Réparation civile pour les victimes du blanchiment d’argent : le cas de la France

Le présent billet de la série Transnational Anti-Corruption Watch porte sur les recours civils pour les victimes du blanchiment d’argent tels qu’ils existent en droit français. C’est à travers les procédures dites de biens mal acquis que la France s’engage depuis 2010 dans la répression du blanchiment d’argent sur son territoire.  Récemment, soit le 27 octobre 2017,  le Tribunal correctionnel de Paris condamne Teodorin Obiang, le vice-président de la Guinée Équatoriale à 3 ans d’emprisonnement, à 30 millions d’euros d’amende et à la confiscation intégrale de ses biens saisis sur le territoire français. C’était alors le premier haut dirigeant étranger jugé dans le cadre de ces procédures, puisqu’à ce jour, d’autres procédures d’enquêtes sont en cours au sujet d’autres personnalités africaines. 

  

Puisque les procédures susmentionnées sont des procédures pénales, l’amende est une créance payable à l’État et la victime ne touche rien.
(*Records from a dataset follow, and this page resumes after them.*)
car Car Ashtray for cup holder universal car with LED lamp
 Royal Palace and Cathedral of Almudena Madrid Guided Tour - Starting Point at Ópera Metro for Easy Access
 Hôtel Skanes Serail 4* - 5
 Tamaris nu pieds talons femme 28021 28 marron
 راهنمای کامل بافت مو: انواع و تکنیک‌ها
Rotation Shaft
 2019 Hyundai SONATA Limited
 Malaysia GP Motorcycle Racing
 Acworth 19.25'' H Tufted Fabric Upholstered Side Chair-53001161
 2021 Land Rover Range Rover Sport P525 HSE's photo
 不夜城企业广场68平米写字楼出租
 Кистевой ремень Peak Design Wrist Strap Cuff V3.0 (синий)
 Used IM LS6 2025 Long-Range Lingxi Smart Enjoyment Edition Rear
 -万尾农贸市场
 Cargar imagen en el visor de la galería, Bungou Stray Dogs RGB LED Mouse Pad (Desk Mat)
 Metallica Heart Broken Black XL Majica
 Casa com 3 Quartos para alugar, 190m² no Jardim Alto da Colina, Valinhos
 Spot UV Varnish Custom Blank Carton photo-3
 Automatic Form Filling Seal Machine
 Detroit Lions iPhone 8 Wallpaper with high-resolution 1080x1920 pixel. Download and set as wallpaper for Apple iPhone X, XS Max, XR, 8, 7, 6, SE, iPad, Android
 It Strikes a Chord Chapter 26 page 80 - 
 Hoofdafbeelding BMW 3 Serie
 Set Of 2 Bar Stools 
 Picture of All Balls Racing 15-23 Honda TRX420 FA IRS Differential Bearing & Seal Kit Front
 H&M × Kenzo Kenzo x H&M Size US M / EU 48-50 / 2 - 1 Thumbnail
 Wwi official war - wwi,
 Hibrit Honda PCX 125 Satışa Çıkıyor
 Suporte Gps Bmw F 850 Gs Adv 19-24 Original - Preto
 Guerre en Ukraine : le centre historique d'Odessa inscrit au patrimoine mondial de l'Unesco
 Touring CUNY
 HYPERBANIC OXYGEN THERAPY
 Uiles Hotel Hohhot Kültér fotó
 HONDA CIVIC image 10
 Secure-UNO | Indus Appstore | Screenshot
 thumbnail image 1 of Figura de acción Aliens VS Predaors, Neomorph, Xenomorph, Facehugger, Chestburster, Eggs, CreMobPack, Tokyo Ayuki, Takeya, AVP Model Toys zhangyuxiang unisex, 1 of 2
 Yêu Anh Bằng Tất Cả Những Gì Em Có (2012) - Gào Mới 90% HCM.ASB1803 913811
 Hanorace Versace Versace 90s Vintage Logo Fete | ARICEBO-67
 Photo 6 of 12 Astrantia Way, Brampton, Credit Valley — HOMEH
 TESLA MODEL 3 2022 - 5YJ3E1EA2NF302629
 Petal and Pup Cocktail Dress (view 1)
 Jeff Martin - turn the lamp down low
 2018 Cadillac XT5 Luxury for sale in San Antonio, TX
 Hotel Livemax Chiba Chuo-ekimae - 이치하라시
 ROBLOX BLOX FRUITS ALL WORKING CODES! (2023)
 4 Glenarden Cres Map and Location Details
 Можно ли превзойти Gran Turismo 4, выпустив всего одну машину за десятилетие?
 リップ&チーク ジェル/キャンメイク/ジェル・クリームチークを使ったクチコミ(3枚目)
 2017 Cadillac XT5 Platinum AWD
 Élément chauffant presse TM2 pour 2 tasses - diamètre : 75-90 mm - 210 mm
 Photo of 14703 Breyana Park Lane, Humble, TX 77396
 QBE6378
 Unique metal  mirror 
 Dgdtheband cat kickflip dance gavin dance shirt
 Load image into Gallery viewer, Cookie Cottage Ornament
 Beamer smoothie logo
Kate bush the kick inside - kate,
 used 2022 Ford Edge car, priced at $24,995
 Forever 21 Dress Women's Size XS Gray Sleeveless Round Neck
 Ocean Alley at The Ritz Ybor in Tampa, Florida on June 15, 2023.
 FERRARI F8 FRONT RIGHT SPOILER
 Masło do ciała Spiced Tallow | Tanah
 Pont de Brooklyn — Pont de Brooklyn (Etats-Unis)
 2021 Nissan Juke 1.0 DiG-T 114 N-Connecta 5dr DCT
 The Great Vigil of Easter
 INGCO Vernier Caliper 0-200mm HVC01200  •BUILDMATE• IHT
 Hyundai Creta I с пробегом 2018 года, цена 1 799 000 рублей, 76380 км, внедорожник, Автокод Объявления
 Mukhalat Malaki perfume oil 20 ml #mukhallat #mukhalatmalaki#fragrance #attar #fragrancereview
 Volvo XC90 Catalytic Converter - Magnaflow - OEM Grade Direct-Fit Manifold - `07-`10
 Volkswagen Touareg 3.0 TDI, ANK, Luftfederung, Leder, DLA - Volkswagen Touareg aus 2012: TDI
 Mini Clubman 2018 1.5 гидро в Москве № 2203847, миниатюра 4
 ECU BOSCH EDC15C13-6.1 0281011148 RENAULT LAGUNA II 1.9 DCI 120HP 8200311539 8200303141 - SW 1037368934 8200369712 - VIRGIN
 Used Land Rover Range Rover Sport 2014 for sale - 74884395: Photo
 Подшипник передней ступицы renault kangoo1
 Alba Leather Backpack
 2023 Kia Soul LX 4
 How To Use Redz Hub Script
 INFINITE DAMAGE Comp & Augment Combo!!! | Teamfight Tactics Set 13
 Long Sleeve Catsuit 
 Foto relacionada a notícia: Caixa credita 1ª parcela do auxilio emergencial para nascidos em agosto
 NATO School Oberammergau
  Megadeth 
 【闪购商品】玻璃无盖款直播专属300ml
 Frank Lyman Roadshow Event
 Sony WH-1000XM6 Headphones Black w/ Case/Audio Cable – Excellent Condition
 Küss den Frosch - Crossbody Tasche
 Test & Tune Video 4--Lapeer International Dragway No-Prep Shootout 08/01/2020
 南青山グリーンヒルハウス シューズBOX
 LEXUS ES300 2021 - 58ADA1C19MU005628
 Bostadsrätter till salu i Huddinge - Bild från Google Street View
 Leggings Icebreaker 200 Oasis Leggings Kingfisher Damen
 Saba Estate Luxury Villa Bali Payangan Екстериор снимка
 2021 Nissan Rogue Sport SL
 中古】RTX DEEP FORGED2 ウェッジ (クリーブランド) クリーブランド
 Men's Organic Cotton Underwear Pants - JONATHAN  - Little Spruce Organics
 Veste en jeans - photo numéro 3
Comment donc permettre une réparation des victimes qui s’obtient normalement par le biais de la procédure civile ? À cela, le droit positif international, auquel se conforme le droit français (en vertu de l’article 55 de la Constitution de la République française), présente une piste vers une réponse. 

  

Le 11 juillet 2005, la France ratifie la Convention des Nations Unies contre la Corruption (CNUCC), et le 25 avril 2008, elle adhère à la Convention civile sur la corruption (CCC) du Conseil de l’Europe. De portée plus large que la CCC, la CCNUC établit dans son chapitre III plusieurs infractions dont la corruption, le détournement, le trafic d’influence, l’abus de fonctions, l’enrichissement illicite, le blanchiment, le recel et même la participation, la tentative ou la préparation de telles infractions. La CCC quant à elle porte essentiellement sur la corruption, telle que définie à son article 2.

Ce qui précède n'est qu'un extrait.